**WHAT THIS TASK INVOLVES**:
Go through the data below line by line and count those containing the word "Print". Reply with the count only.

**MATERIAL FOR THE TASK**:
***

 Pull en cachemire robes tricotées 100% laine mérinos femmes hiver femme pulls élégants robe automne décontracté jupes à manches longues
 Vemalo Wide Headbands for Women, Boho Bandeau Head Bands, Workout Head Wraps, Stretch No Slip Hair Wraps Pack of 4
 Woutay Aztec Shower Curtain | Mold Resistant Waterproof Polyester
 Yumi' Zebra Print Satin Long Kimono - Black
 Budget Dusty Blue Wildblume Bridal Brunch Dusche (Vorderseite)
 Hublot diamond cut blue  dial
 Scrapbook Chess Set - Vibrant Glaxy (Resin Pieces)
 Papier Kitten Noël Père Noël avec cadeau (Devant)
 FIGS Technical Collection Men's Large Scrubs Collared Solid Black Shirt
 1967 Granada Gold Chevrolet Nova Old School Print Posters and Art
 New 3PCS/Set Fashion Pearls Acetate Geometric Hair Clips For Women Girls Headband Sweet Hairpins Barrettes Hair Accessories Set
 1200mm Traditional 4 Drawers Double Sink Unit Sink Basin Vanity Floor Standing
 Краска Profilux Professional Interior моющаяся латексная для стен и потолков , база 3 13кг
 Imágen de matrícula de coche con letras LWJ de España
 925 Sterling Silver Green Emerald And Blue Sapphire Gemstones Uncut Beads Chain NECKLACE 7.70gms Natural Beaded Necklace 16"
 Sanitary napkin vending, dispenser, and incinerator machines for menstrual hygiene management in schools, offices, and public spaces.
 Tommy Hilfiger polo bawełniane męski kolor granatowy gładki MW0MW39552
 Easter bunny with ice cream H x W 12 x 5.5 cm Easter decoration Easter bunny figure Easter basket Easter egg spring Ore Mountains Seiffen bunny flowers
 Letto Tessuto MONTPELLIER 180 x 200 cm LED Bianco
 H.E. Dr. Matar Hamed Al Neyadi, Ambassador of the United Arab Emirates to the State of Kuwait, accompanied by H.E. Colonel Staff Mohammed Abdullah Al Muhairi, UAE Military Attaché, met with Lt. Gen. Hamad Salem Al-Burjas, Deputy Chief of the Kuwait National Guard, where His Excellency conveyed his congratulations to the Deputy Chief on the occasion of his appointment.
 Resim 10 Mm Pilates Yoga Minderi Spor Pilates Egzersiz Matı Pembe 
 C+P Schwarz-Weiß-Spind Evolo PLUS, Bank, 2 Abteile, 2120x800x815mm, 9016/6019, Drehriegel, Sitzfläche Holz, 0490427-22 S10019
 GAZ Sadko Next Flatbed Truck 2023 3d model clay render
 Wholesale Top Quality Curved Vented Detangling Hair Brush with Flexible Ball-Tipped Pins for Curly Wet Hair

***

**TASK OUTPUT**:
2